State Medicaid Officials Seize Dead Recipient’s Homes
Many Americans are shocked when the government aggressively targets the estates of deceased family members to pay for long term nursing care, but that’s exactly what Medicaid is doing.
The home is normally excluded from the qualification process for Medicaid. However, for those over 55 who utilized the program to fund long term care, their estates may be targeted by the recovery process to access funds spent by the program.
The Associated Press reported the case of Massachusetts resident Sandy LoGrande. Her father bravely fought cancer, and his daughters promised him that they would keep the house he worked hard to afford for them many years ago.
State Medicaid offices target dead people’s homes of those who got longterm care w/state health insurance for poor Americans. People are getting unexpectedly billed hundreds of thousand of dollars & seizure of their home, once parents pass away
Proposed legislation may change it https://t.co/vrgzCSAnZc
— G (@notisaidtheworm) March 17, 2024
But that may only be a dream.
Salvatore LoGrande’s estate is targeted by state officials who billed his daughter $177,000 for his Medicaid expenses. The government threatened to sue to take possession of the home he left behind if the payment is not rendered in a timely manner.
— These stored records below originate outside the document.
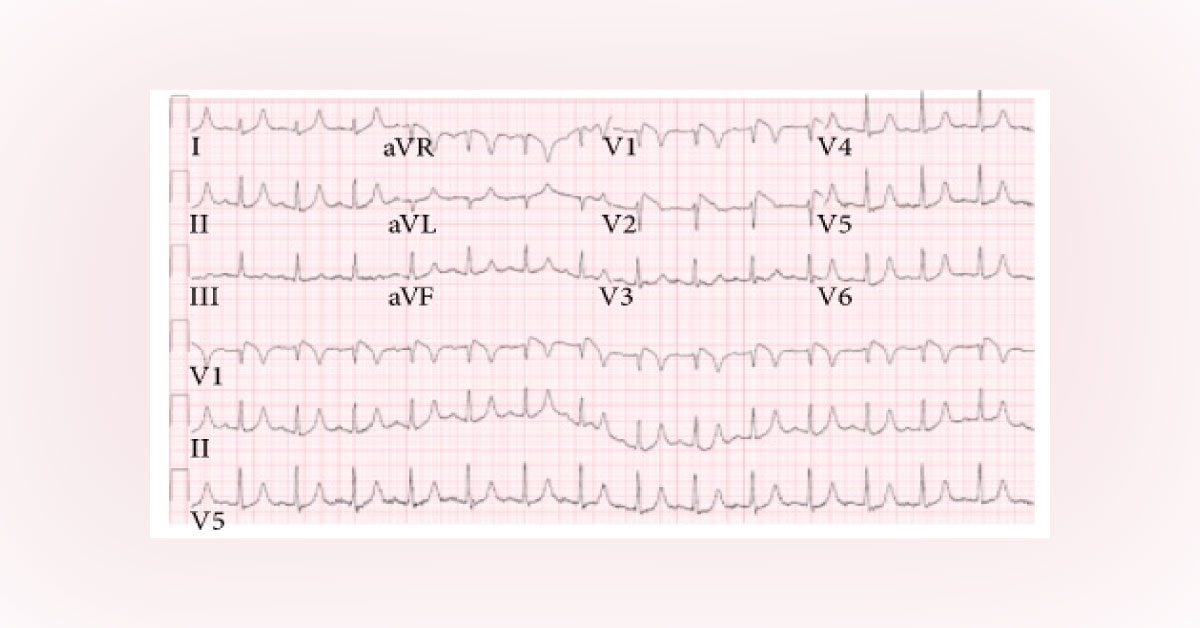 Identify The ECG Abnormality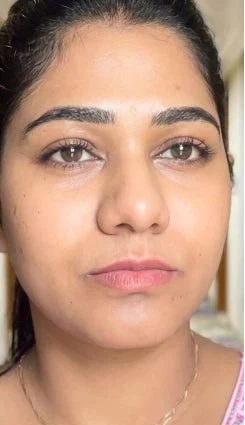 Sunita P. after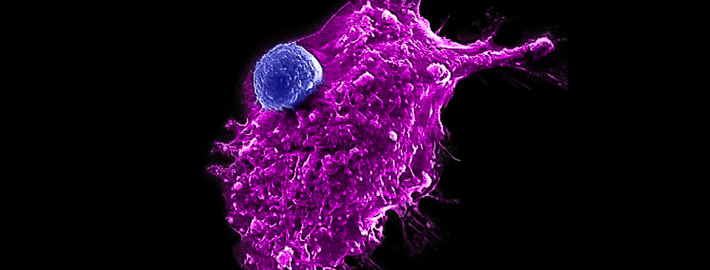 Image of an engineered HSC-iNKT cell (blue) attacking a human tumor cell. Photo Credit: Yang Lab/UCLA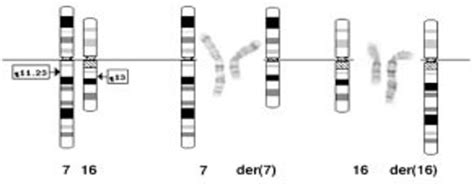 Williams Beuren Syndrome Nextgen Hospitals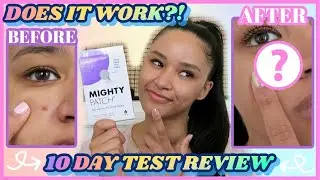 DOES IT WORK?! - Hero Mighty Patch for Removing Dark Spots - 10 DAY TEST REVIEW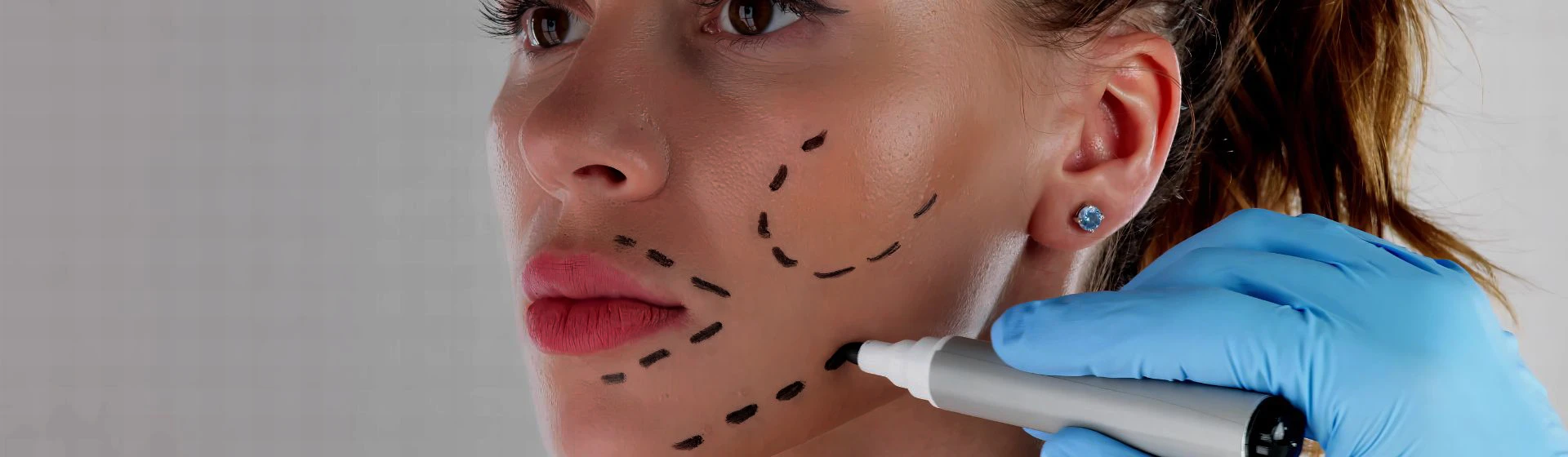 Підтяжка обличчя в приватній клініці Оксфорд Медікал Київ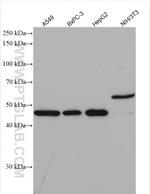 SCPx Antibody in Western Blot (WB)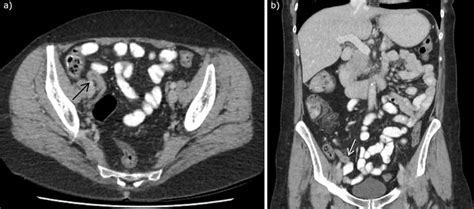 Ct Abdomen With Intravenous And Oral Contrast Demonstrating Enlarged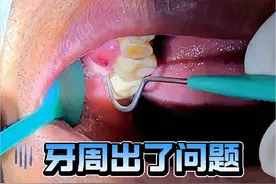 #牙周病 #牙周脓肿 #牙齿松动 #牙槽骨吸收 #口腔医生赵晶 @抖音医疗健康小助手 @健康中国 @健康北京 @DOU+小助手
Far from being an anomaly, what the 57-year-old now faces is a common plight for survivors of family members on Medicaid.
People who relied on the program in their last years leave behind loved ones who are subject to recovery efforts by the taxpayer-funded health insurance program.
Amazingly, this program was implemented back in 1993 with the Omnibus Budget Reconciliation Act. Congress made it a requirement for states to work to recover long term healthcare costs from Medicaid recipients 55 and older after they died.
This process was optional before being mandated 31 years ago.
Proponents claimed it would motivate people to plan for the possibility of long term care to avoid government confiscation of estates. Medicaid beneficiaries are generally allowed to have very little income and no more than $2,000 in assets.
However, the primary home and one vehicle are generally excluded from the eligibility process.
These assets, however, are now fair game after the recipient dies. This in many cases leaves survivors scrambling to keep the home that may have been in the family for generations.
And research from AARP and others proved that less than 1% of long term care spending nationally comes from these recovery efforts. While they may be devastating for survivors, the estates offer little to fund long term healthcare through Medicaid.